Whisper it, but this may just be Arsenal's year. After over a decade of searching for that elusive follow-up league title to the Invincibles crown in 2004, Arsene Wenger's Gunners finally look ready to unshackle themselves from playing second fiddle to the likes of Manchester City and Chelsea in the title race and make this a season to remember.
When Slaven Bilic's West Ham landed a killer blow against Arsenal on the opening day of the season, with a 2-0 victory at the Emirates, the feeling was 'it's going to be another one of those years.' However, in the ten games following that early wobble, they've lost just once and boast the joint best defence in the Premier League. Every component in this immensely-talented group of players appears to be operating with sublime efficiency and they look hungry to chase Manchester City all the way this year.
Last season, Arsenal were good for long periods without ever fully hitting top gear and challenging Chelsea. This time round though, Wenger is nicely perched at the top of the table, level on points with City, while his arch-nemesis Jose Mourinho is wallowing in the depths of footballing despair, a familiar foe walking on dangerously thin ice. While Wenger never truly came close to being sacked at Arsenal, this time last year saw the Wenger Out campaign really gather pace as the experienced Frenchman felt the suffocating expectations on his shoulders.

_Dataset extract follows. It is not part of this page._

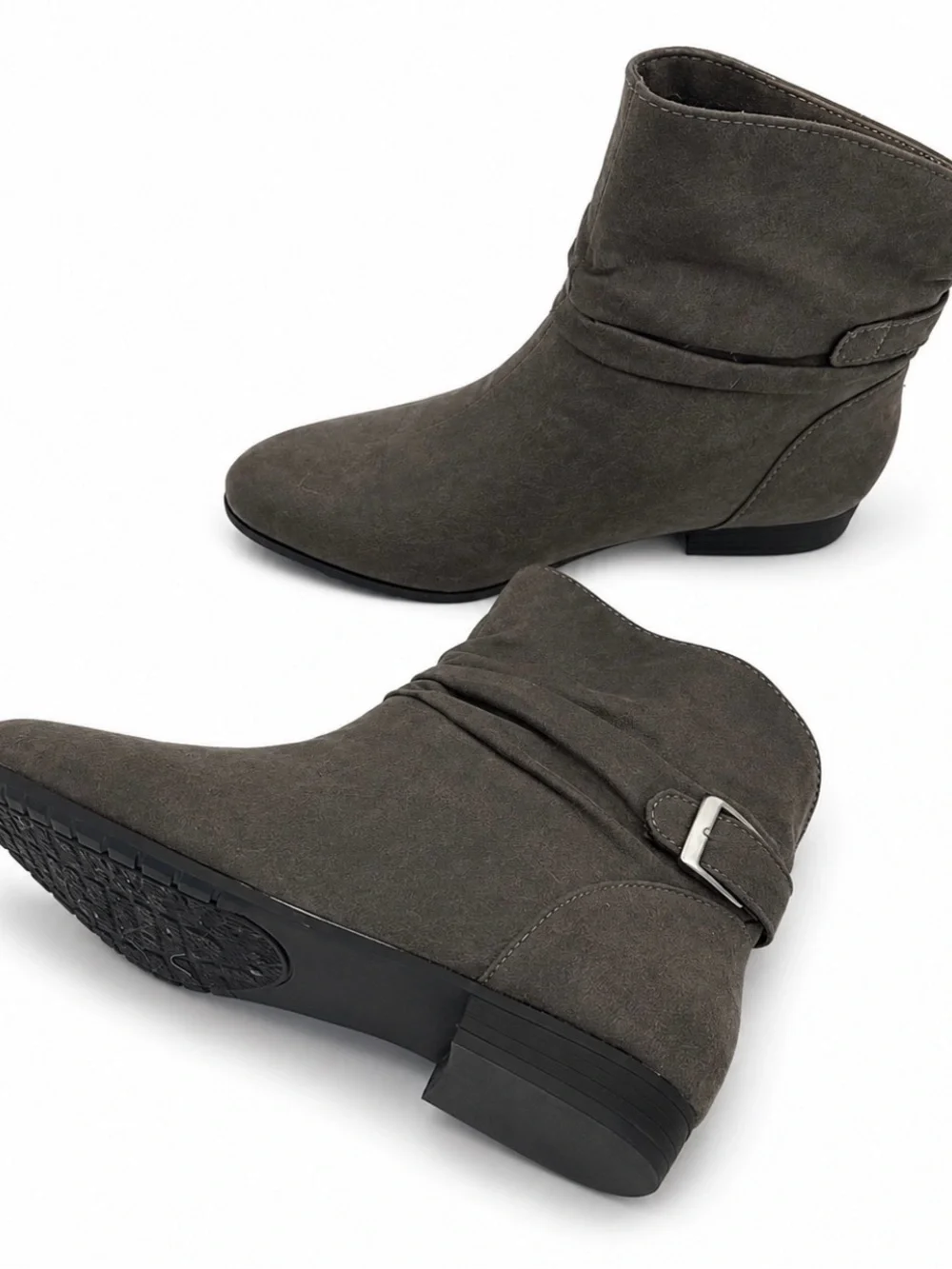 Women's Rampage Gray Ankle Boots with Buckle Detail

One of the most enduring images from last season was the banner unfurled by away supporters reading 'Arsene, thanks for the memories but now it's time to say goodbye.' It was the release of pent up frustration from the supporters. Frustration at the persistent unfulfilling of potential. For so long, Arsenal have been the most aesthetically pleasing team to watch in the Premier League. Wenger has constructed a foundation built on quick-passing, attack-happy football, but apart from two FA Cups in the last two years, has failed to deliver a major trophy since the halcyon days of the Invincible era.

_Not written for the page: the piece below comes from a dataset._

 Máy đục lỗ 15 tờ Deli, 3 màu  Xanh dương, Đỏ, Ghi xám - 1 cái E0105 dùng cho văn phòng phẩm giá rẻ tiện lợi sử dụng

However, Wenger has finally listened to calls for bolstering his side's defensive solidity in recent transfer windows. In January, he shelled out £11m for Gabriel Paulista, who already looks to be growing into an adroit defender alongside the excellent Laurent Koscielny. Then, in the summer, Wenger resisted the urge to splash about large sums of money on attractive attacking talent in order to address the only problem position he could see; between the goalposts.

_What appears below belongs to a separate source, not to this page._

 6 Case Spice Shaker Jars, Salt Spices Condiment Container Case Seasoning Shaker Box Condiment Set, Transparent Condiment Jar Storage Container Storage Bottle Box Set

Bringing in Petr Cech was hailed as one of the shrewdest pieces of business during Wenger's illustrious career when he snatched him away from the clutches of Mourinho at Chelsea - and it's worked. Although Cech was at fault in his Arsenal debut against West Ham, he has been a portrait of consistency, experience and proficiency ever since. His commanding presence and winning mentality have guided Arsenal through an ultra-steady sequence that has brought six clean sheets in 11 Premier League games.
"The way he is commanding and vocal makes him vital. He is one of our leaders and he deserves it," said club captain Per Mertesacker. Cech's instant impact has been greatly appreciated - and they have reciprocated in keeping him guarded week after week.
That being said, the 33-year-old's smooth transition to life at the Emirates has been aided by some superb showings from the Arsenal rearguard. Koscielny has been in the form of his life in recent weeks and as already touched upon, Gabriel looks like he will be a more than worthy successor to Mertesacker. The consistent improvement of both full-backs, Nacho Monreal and Hector Bellerin, has completed an impressive period when the Arsenal defence has looked fairly impenetrable at times.
Of course, the pertinent question is; can Arsenal sustain a title challenge far beyond the Christmas period? Remember, the 13/14 season was going swimmingly for Wenger's men until they capitulated in frightening fashion against Liverpool in a 5-1 humiliation at Anfield. Having occupied top spot in the league for 20 out of 21 weeks before that defeat, the Gunners' title aspirations unravelled before their very eyes and it's a scar that remains raw for many of these players.
Conquering the fear of a derailed title challenge holds the key in keeping pace with Manchester City for Arsenal this season. They face Tottenham in the first North London Derby of the season on Sunday, but if Cech and his defence continue to exude the same manner of confidence and compactness as they have done for the majority of this season, they should find themselves well placed to finally hoist that Premier League trophy aloft in the Emirates Stadium.